# Given information:

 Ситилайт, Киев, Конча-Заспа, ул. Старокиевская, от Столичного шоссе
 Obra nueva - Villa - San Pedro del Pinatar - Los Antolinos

---

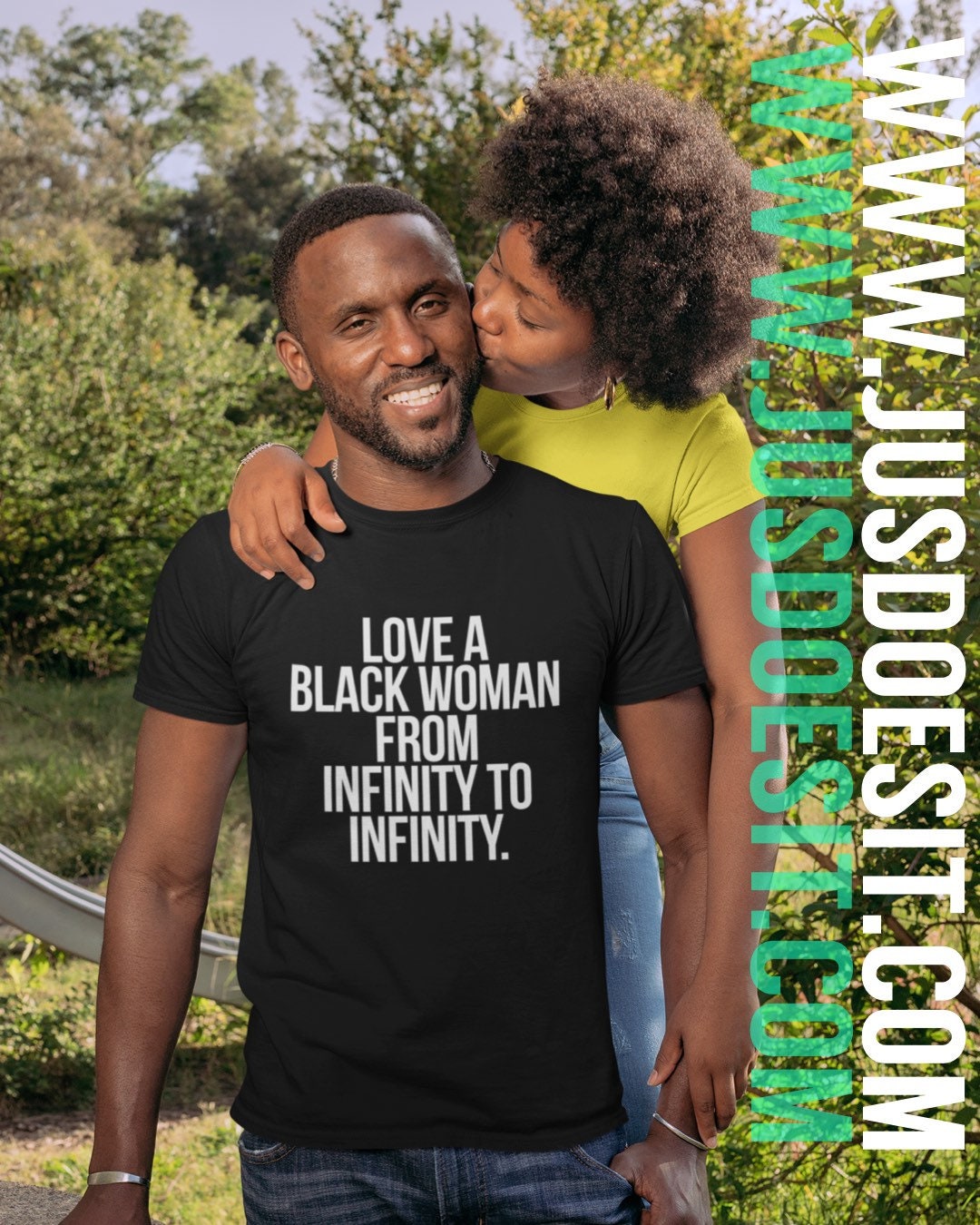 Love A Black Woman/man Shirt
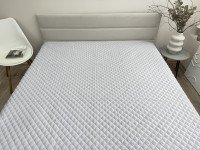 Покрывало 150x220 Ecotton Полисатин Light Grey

# Exercise goal:
Within the listing above, write out the stretch from the line with "Love A Black Woman/man Shirt" through the line with "Покрывало 150x220 Ecotton" exactly. Any pictures are to be left out.

# Output for this exercise:
 Love A Black Woman/man Shirt
 Покрывало 150x220 Ecotton Полисатин Light Grey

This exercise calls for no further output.